All samples were tested for HCV antibodies and hepatitis C virus-ribonucleic acid (HCV-RNA). Anti-HCV antibodies were tested by enzyme immunoassay (EIA; Murex anti-HCV 4.0, Murex Biotech). HCV RNA was detected by real-time polymerase chain reaction (PCR) using 67 base pairs of the 5′ untranslated region (UTR), as described elsewhere9. Confidence intervals (CIs) were determined for infection prevalence estimates. Simple and multiple logistic regressions were calculated to assess the independent effects of variables12. The fit of the final model was assessed using the Hosmer-Lemeshow goodness-of-fit test. Two definitions of HCV infection were used: I) anti-HCV positivity shown by EIA, and II) HCV-RNA detection by real-time PCR. All statistical analyses were performed using IBM SPSS Statistics 18.
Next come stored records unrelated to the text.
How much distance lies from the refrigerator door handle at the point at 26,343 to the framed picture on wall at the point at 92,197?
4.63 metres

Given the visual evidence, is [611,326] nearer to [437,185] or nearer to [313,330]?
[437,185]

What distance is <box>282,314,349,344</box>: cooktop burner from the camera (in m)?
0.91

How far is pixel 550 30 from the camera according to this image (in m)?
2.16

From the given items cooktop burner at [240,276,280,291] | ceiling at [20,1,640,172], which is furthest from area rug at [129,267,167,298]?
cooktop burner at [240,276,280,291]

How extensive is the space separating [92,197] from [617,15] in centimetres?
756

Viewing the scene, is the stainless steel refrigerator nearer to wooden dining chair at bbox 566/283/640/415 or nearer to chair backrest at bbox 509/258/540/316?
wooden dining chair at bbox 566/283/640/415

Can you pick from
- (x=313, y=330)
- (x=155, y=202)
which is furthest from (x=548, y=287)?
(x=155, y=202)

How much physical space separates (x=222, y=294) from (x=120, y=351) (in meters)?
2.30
In total, 187 illicit drug users participated in this study. The majority of participants were male (82.3%). The mean age was 28.5 years (range, 18-51 years; standard deviation [SD] ± 9.5 years). The majority of participants had > 7 years of education (55.6%) and belonged to families with monthly incomes of up to R$1,090.00 (US$545.00). Table 1 shows the demographic and epidemiological characteristics of the participants. In this study, most (78.1%) participants reported having consumed more than one illicit drug during their lifetimes. Thus, illicit drug users were grouped according to the most frequently used drug. Drug preference was grouped into five categories: cannabis (21.9%), cocaine paste (20.9%), cannabis and cocaine paste (13.4%), cocaine powder (18.2%), and oxi cocaine (25.6%). All users reported a preference for using non-injected illicit drugs. However, 27 (14.4%) users reported having used injected illicit drugs at least once. Tobacco (64.7%) and alcohol (87.7%) were also commonly consumed by the subjects.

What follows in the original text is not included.